I was super impressed when we arrived at the theatre by all of the Jane Austen fan club folks in attendance. I mean, there were outfits and hats and impromptu dancing. It was really very cute.
The production itself maybe didn’t live up to its full potential.
It was three hours long, ok. That is a long time. And you felt every minute of it.
The actress playing Marianne was clearly a very accomplished theatrical actor and her performance sparkled. She projected and delivered her lines confidently. Other members of the cast seemed challenged by the British accent which impacted their delivery.

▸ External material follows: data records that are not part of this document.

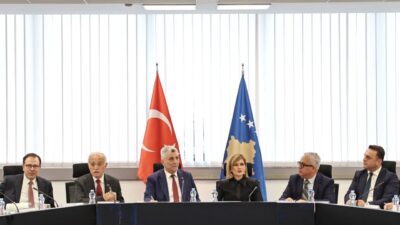KOSOVA, – TİCARET Bakanı Ömer Bolat, resmi ziyaret kapsamında bulunduğu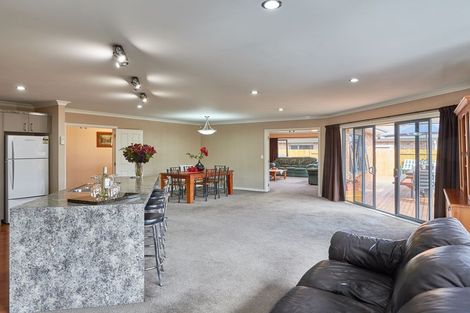 Photo of property in 69 Peter Hall Drive, Kelvin Grove, Palmerston North, 4414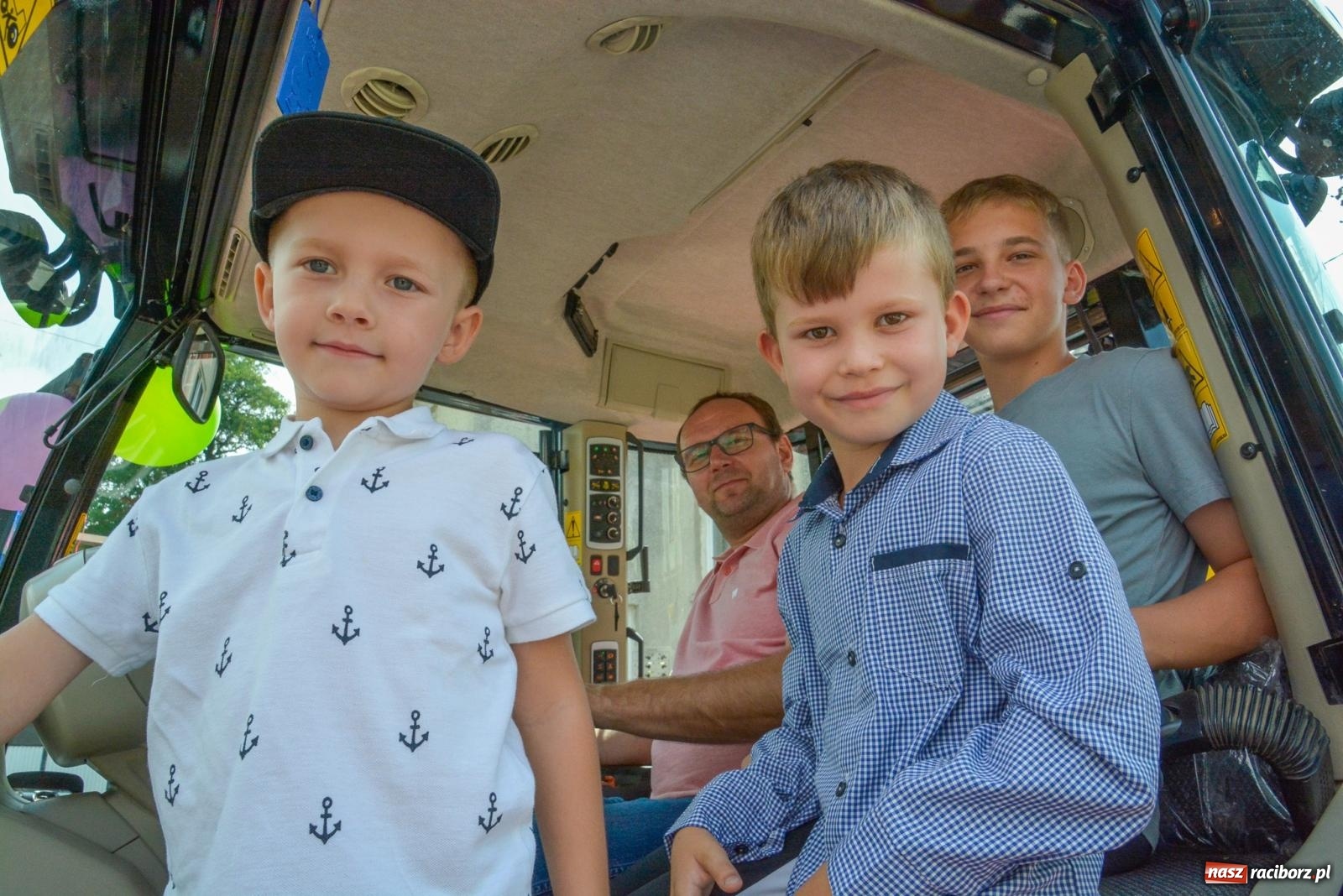 Zdjęcie w galerii na portalu naszraciborz.pl: Dożynki w Krzanowicach. Świętowało sołectwo Moravia [FOTO i WIDEO] wiadomości z regionu
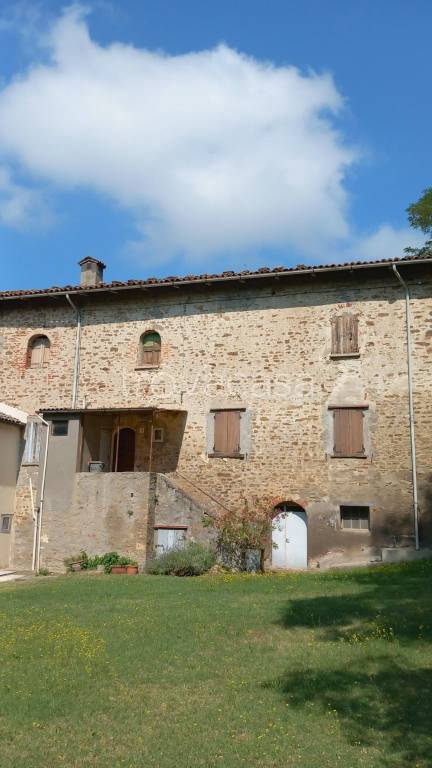 casa indipendente in vendita a Modigliana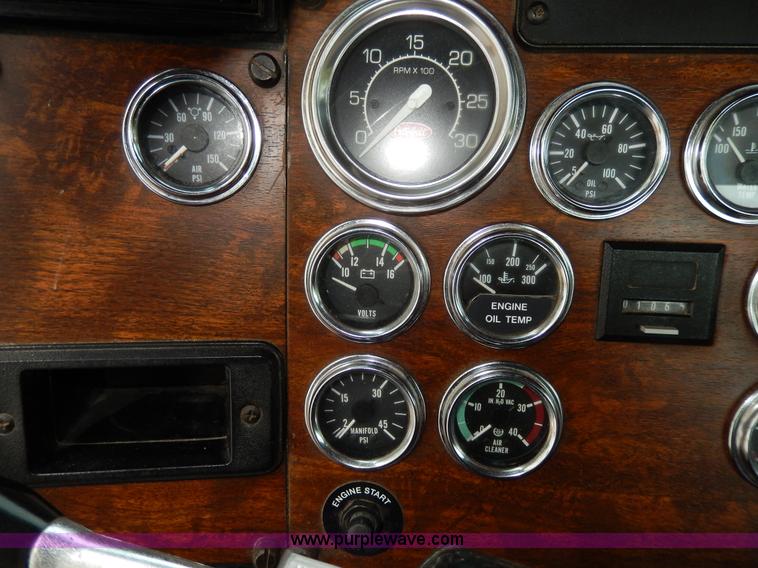 image for item D8146 1996 Peterbilt 377 semi truck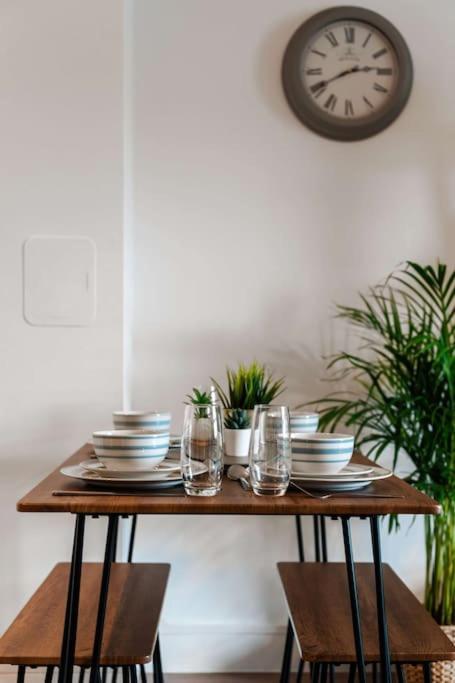 Central Maidstone Contractor Flat Bagian luar foto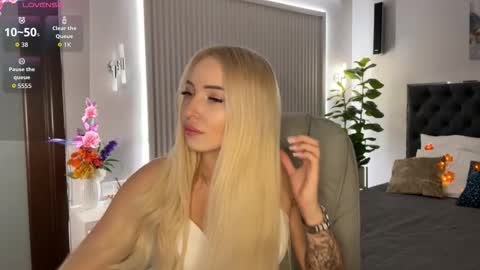 Snapshot of ohmyemma chatting on 10/03/25, 11:46 Emma online show from 10/03/25, 11:46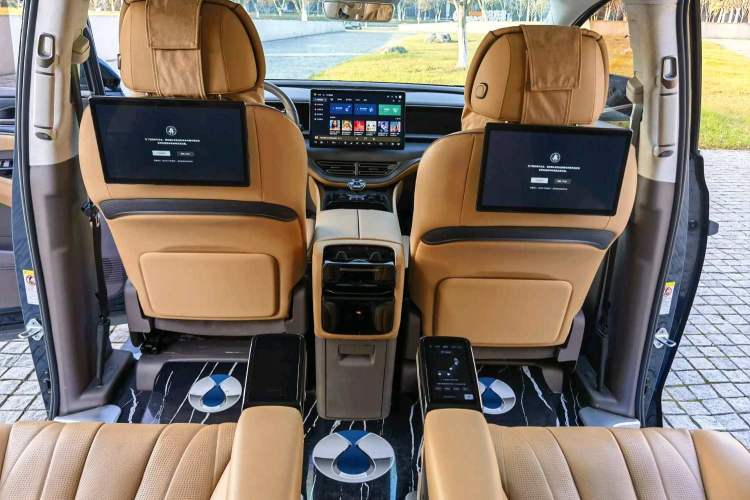 Used Denza D9 2022 DM-i 970 Four-Wheel Drive Flagship Model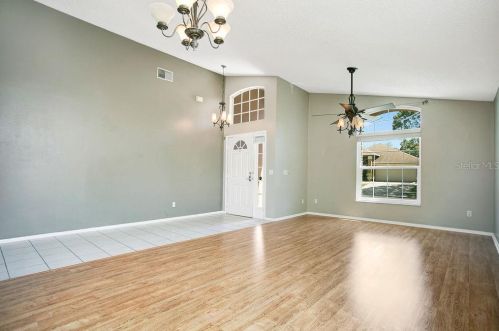 2120 River Park Blvd, Orlando, FL 32817-4811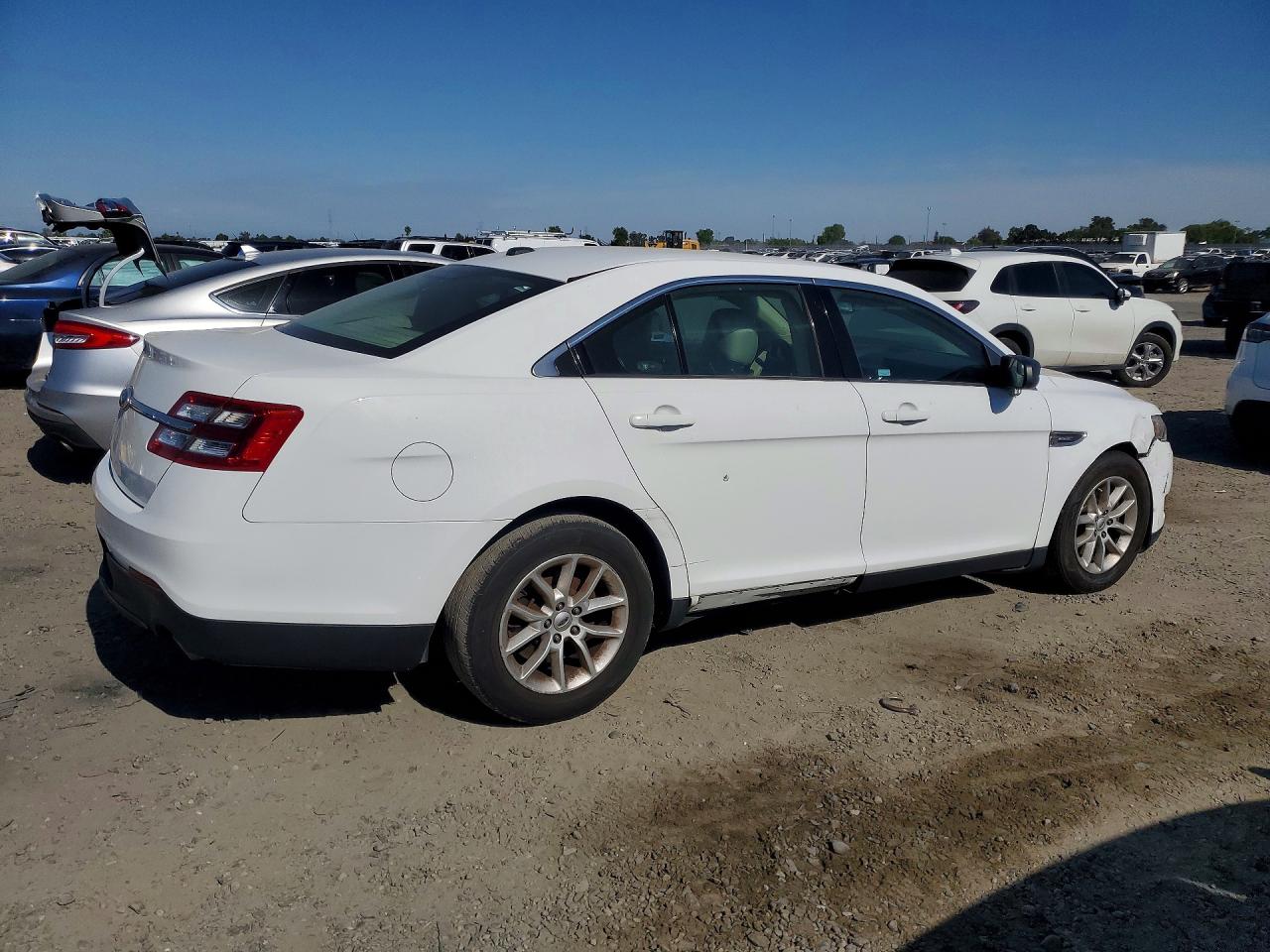 2014 Ford Taurus Se White vin: 1FAHP2D85EG150717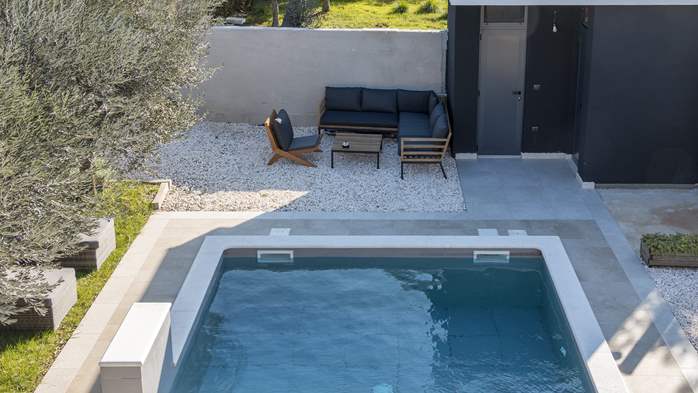 Neue Luxusvilla mit Pool für 8 Personen in Premantura, 4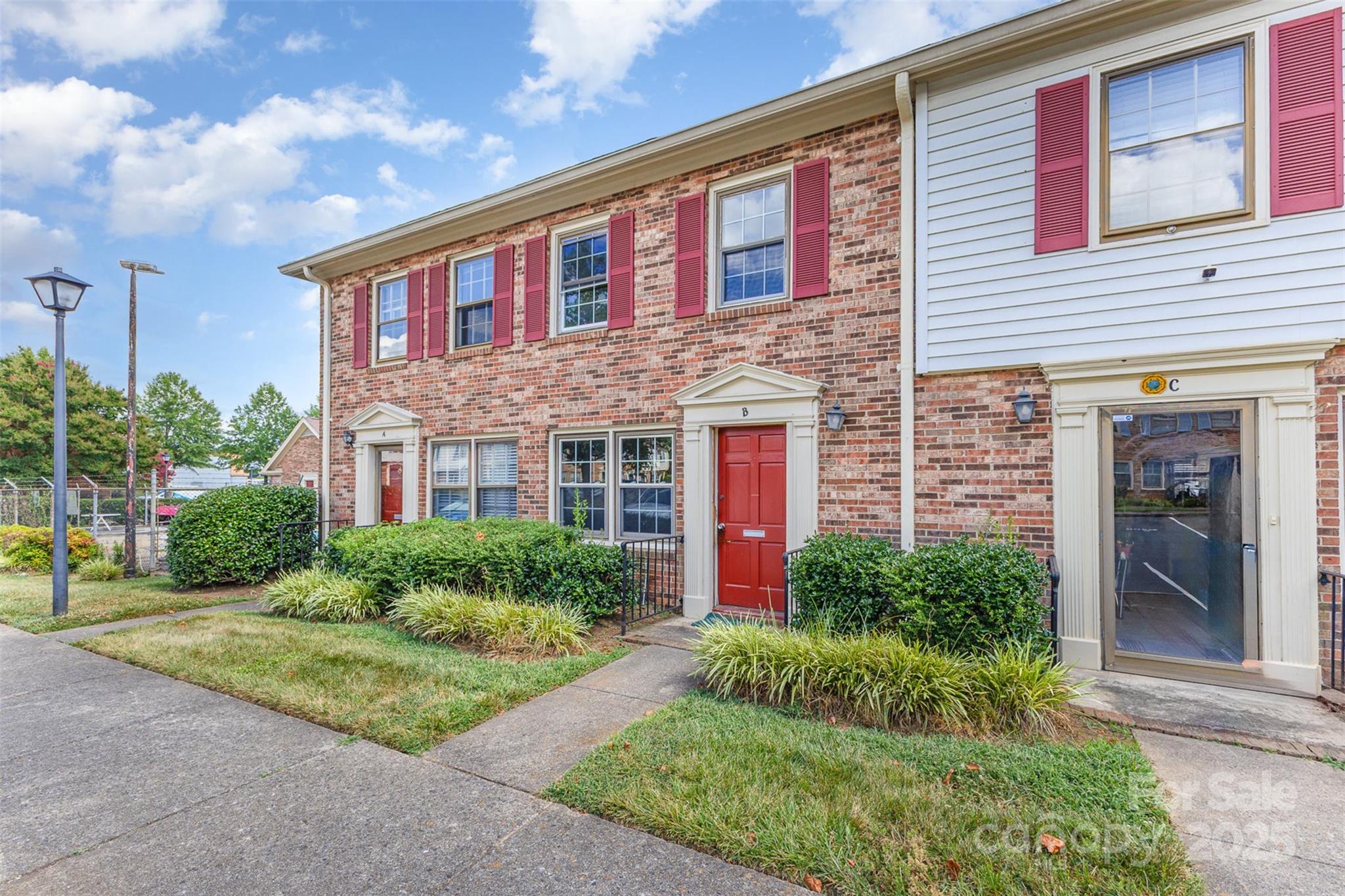 6322 Old Pineville Road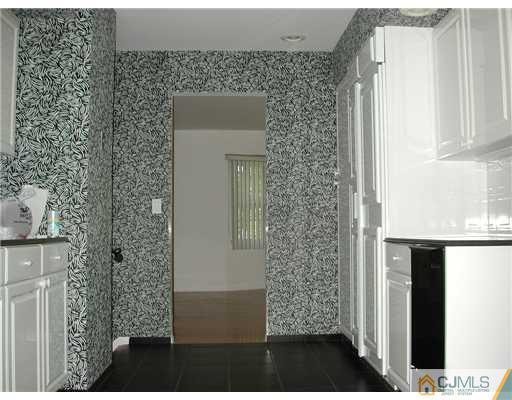 5 Puritan Road East Brunswick, NJ 08816 - Photo 3 of 13 Gallery Image 3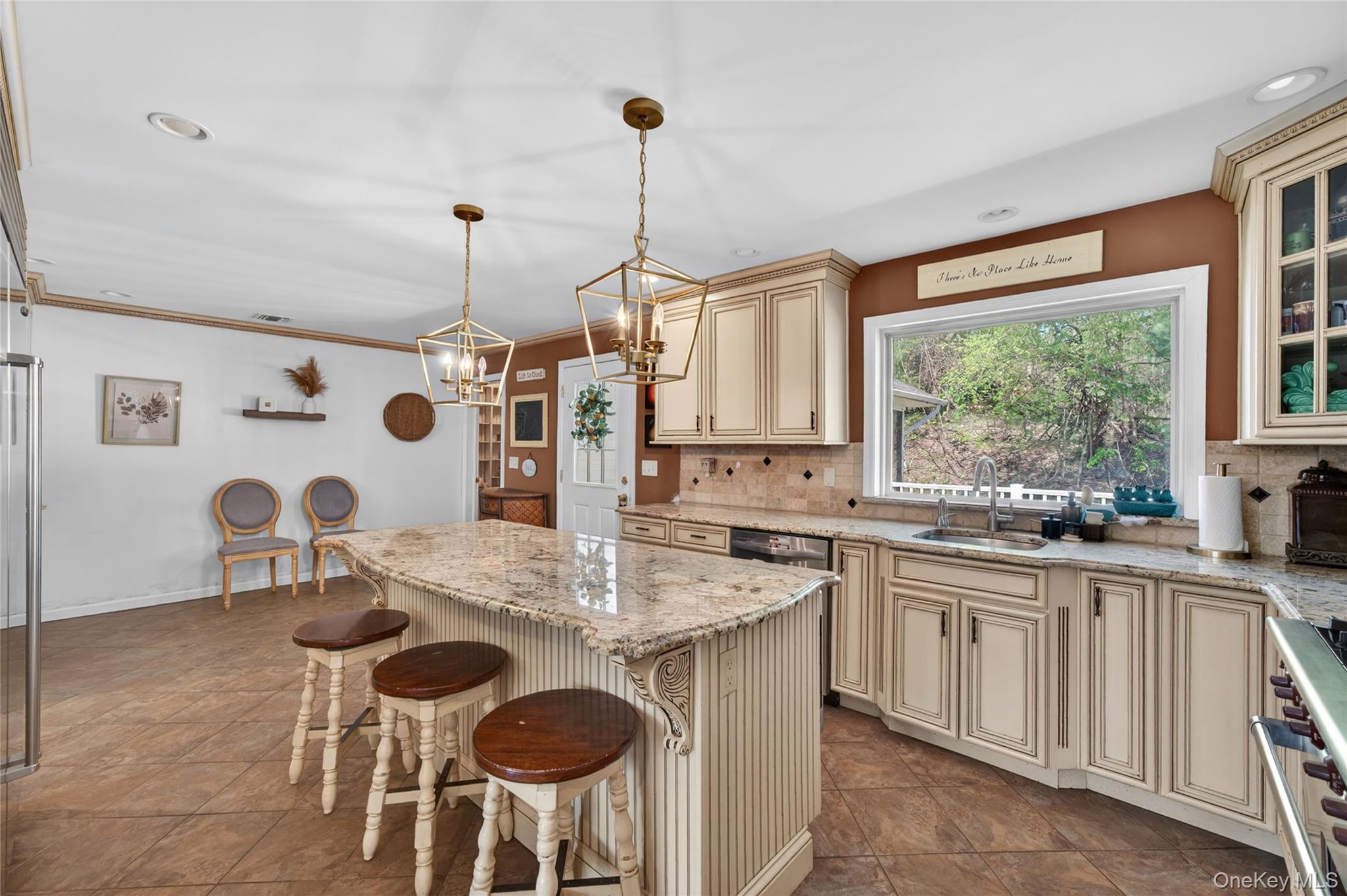 27 High Hill Avenue – For Sale photo 13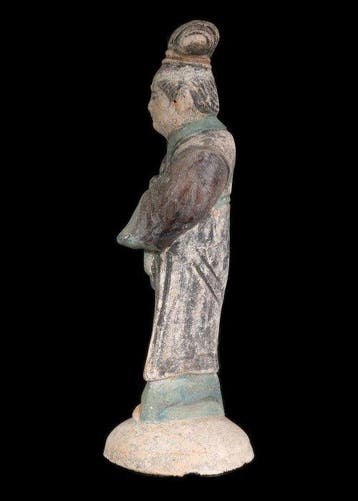 Oud-Chinees Terracotta Beeldje van een vrouwelijke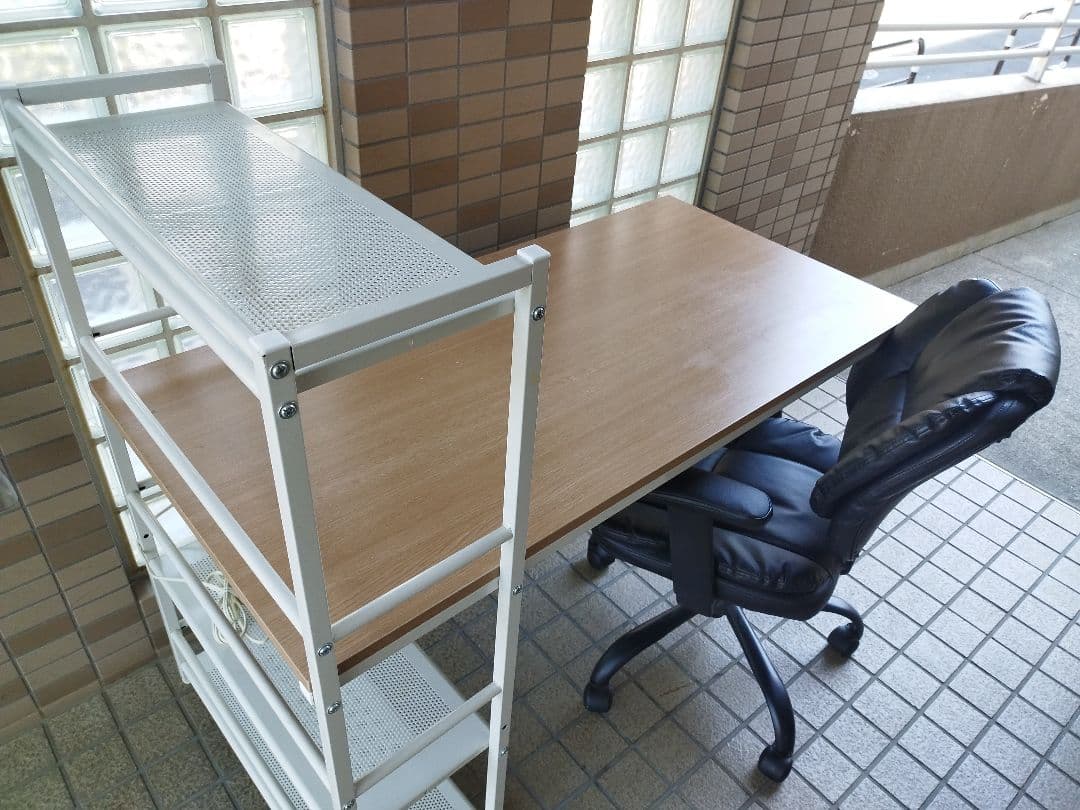 【うさたん】ラック付一体型デスク＆ニトリ オフィスチェアの2点セット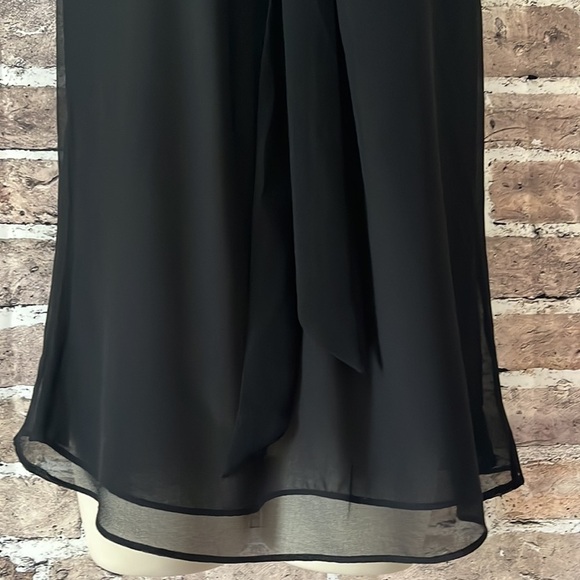 GAP Women’s Sleeveless Blouse Top - Picture 4 of 7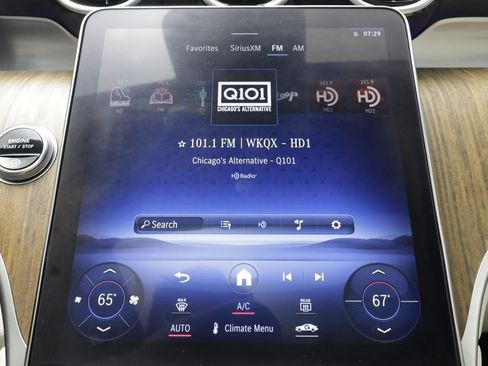 Used 2024 Mercedes-Benz GLC 300 4MATIC image 9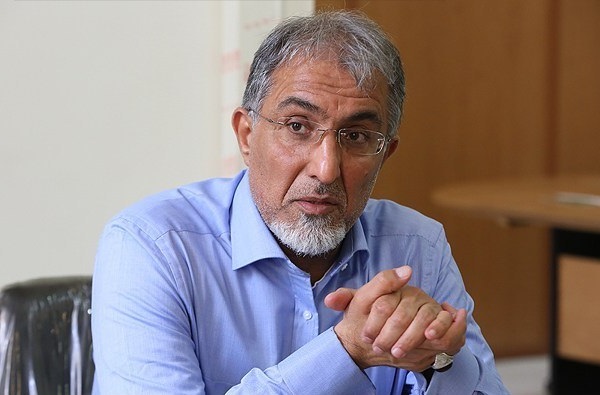 آقای راغفر! «اقتصاد»، «فوتبال» نیست که هر روز یک «بمب» در آن بترکانید / هم شایعه دلار ۴۰ هزار تومانی ایجاد میکنید و هم مطالبه دلار ۴ هزار تومانی دارید؟ آقای راغفر! «اقتصاد»، «فوتبال» نیست که هر روز یک «بمب» در آن بترکانید / هم شایعه دلار ۴۰ هزار تومانی ایجاد میکنید و هم مطالبه دلار ۴ هزار تومانی دارید؟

The “colorblind” casting was an…interesting choice. I probably could have gone along with it, you know suspension of disbelief and all, but what I can only call “age-blind” casting made it difficult. When Margaret appears to be the same age as Marianne and Elinor (whether or not the Dashwood sisters are of three different ethnicities) and Colonel Brandon seems to be the same age as Edward Farris, it gets confusing and for me the plot sort-of fell apart.
Also, many of the actors played multiple roles, which again is the sort of thing that I would try to go along with (suspension of disbelief) except that I really couldn’t tell the difference between John Dashwood, Mr. Jennings, and the Doctor. I still don’t know who the not Colonel Brandon guy in the ball scene was.
At any rate, whatever the production was lacking was made up for by the conversation during the car ride home. I’ve already mentioned that this is one of my favorite things during ballet season. Having that time together to be critical and appreciative and constructive and silly made my evening.
We dissected the acting, the direction, the set, and the costumes. Why make this choice and then not take the logical next step? If you wanted to play it straight, then why not go super traditional with the sets and the costumes? How interesting would it be if the story was set in another time/place? When/where would you put it? For some reason, the mid-twentieth century Southern U.S. comes to my mind. Would you change the script? Cut scenes? Wouldn’t a re-write of the story be interesting? Like getting West Side Story out of Romeo and Juliet.